Lawsuit claims MAGA hats are religious-wear signaling "closely held spiritual beliefs"

A Trump supporter walks into a bar . . .

Published October 17, 2017 1:13PM (EDT)

 (Getty/Chip Somodevilla)
(Getty/Chip Somodevilla)

This much is known: In January 2017, the tumultuous month of inaugurations and women’s marches, Greg Piatek, 30, visited The Happiest Hour bar in New York City. Buying drinks for himself and his friends, Piatek ran up a tab of $182, and paid the usual 20% tip of $36. Beyond here, the stories diverge.

Piatek claims he spent his time at The Happiest Hour wearing the most controversial hat in the world, the red Make America Great Again baseball cap. According to him, he was called a “terrible person” by one bartender, another bartender ignored him, asking if the hat was a “joke” while serving him and yet another cut him off.
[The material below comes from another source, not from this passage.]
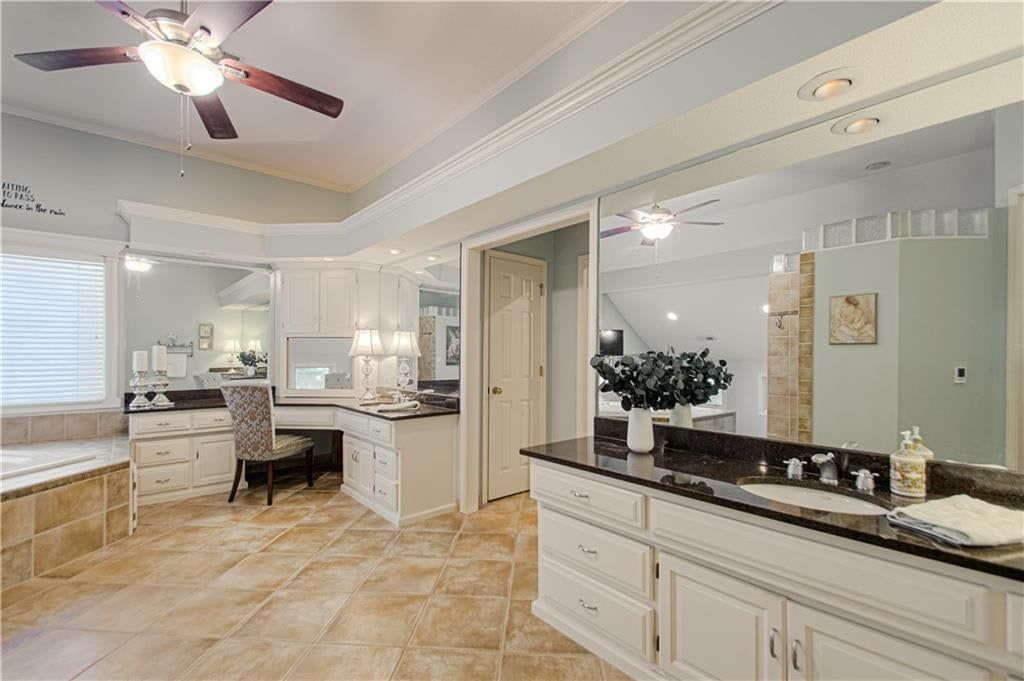 Photo 23 of 57 - 5418 W 131st Terrace, Overland Park, KS 66209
Ultimately, he alleges, a bouncer kicked him out at the manager’s request.

The management at The Happiest Hour denies every part of Piatek's story.

Now, Piatek has slapped the bar with a “discriminatory conduct” lawsuit, alleging “anxiety and severe emotional distress,” according to the Gothamist. This he said-they-said legal kerfuffle has taken on religious proportions as the Trump supporter is claiming his reverence for the president — signaled by his red hat — should have the same legal protections as any religion.

"A religious belief can appear to every other member of the human race preposterous, yet still be entitled to protection,” say the legal briefs field on behalf of Piatek. As part of a claimed “protected class,” Piatek was "adhering to his closely held spiritual beliefs by adorning the hat in question,” says his attorney. According to him, the MAGA hat, emblazoned with a logo for a race of the highest political office in the nation “transcends the political realm.” Eighty-sixing Piatek, the lawsuit claims, is little different than, say, denying service to a believer because they wore a veil, cross or yarmulke.

As mentioned, the manager of The Happiest Hour denies Piatek’s story, reasoning that he must have had a good time because of the tip noted on the receipts provided. Piatek, however, says the night at The Happiest Hour was “the most discriminatory, humiliating and 'Saddest Hour' of his life."His attorney says his client has "such a good heart that he’s going to tip no matter” the service or discriminatory treatment.

The attorney for the bar, Preston Ricardo, told Gothamist "The plaintiff's vague and conclusory arguments are entirely fanciful. . . . They have no support in the law. And they continue to show that the action is nothing more than an ill-conceived publicity stunt guised as a lawsuit."

What would the source and goal of this “publicity stunt” be, however? A soft launch of “The Trump International Church of Winning”? Given previous messianic reactions to Trump, it's not entirely out of bounds.

It doesn't seem like Piatek has a case here, however, as it might be hard to say that getting cut off and kicked out of a bar after achieving a three-digit tab would be discriminatory. Many circumstances can get you kicked out of a bar, and if Piatek was wearing the hat the whole time, he was presumably still being served by someone.

Though the Federal Civil Rights Act of 1964 prohibits discrimination by privately owned public accommodations on the basis of religion, the fact that Piatek was in fact served $180 worth of libations or food, means that he was served, however begrudgingly. The religious tack is the second argument Piatek brought forward. The fact that the defense had been confident that they might get the case tossed all together, according to Gothamist, might be a bad sign for future legal action.

Seems this particular MAGA snowflake might be a bit too sensitive, if full service and a couple of allegedly unkind words ruined his year.